Imagine children digging through trash, begging for food, living in boxes. This is what Betty Brown saw in 1983 while participating with a Medical Mission team whose goal was to meet the medical needs of the people of Ceará, Brazil, living in misery. Mrs. Brown’s goal became to find a way to transform children’s lives.
What Mrs. Brown saw then is not much different today. While the economy has improved in Brazil over the last ten years, the Human Development Index has not. Education, health care, and other measurable areas have decreased or remained static while crime and corruption have increased. Fortaleza, in the Northeast of Brazil, is still known as the number one area in the Americas for child prostitution and the UN has ranked Brazil in the top five. Child abuse, neglect and abandonment are rampant due to drug trafficking, yet in order to get into a safe environment, a local psychologist states, “a child must have gone through hell.” The Davis Lar’s mission is to restore each child, preparing them to be confident, competent, compassionate, contributing citizens in Christ’s name.

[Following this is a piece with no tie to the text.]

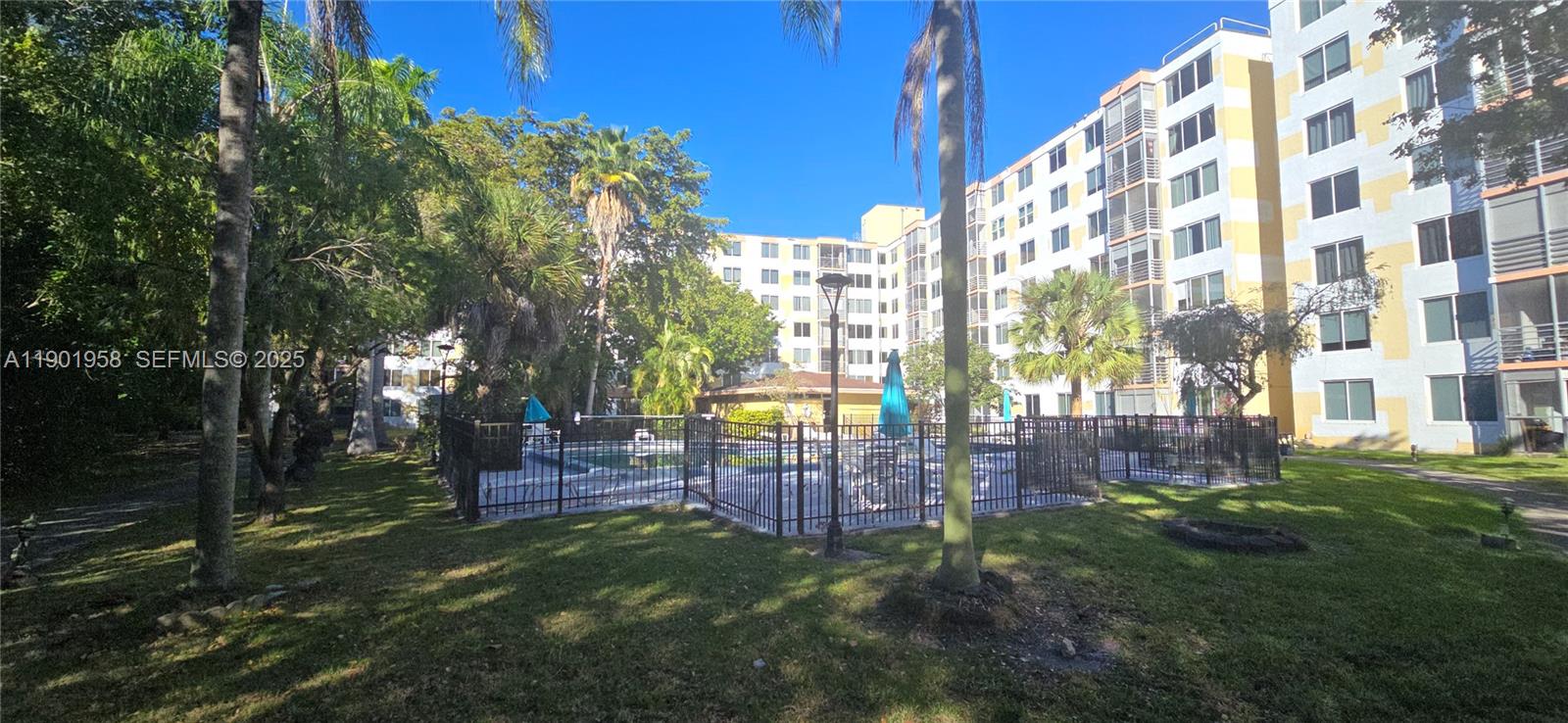 GREYNOLDS PARK CLUB CONDO - Residential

Ongoing Project – The Davis Lar
The Davis Lar received their first child in June of 2001. Today the Lar cares for 68 children and adolescents from ages 3 through 22 with a capacity to house 120. The Lar utilizes homes with up to ten children or adolescents each, with house parents as the front line caregivers promoting positive development. Collaborative Lar programs include computer training, tutoring, local church participation, sewing, gardening, service opportunities and a new library program. Examples of youth preparing to move out and on include a cook, mechanic, and nurse. As one young lady says, “Without the Lar I could have been a prostitute like my mom, not a nurse.”
The Lar stands apart in the area of orphan care in Ceará and Brazil due to outcomes and continued investment and has become a reference for other institutions. The Lar does not age out adolescents at 18 as others do, but continues to invest until youth gain independence, utilizing two transition homes in the city. Furthermore, the Lar is participating in a research project designed to improve resilience factors and positive youth outcomes across cultures.